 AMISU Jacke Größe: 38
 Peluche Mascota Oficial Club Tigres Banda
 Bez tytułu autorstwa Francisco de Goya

TASK STATEMENT ->
The material is to be written out once more, exactly and in full.

WRITTEN ANSWER ->
 AMISU Jacke Größe: 38
 Peluche Mascota Oficial Club Tigres Banda
 Bez tytułu autorstwa Francisco de Goya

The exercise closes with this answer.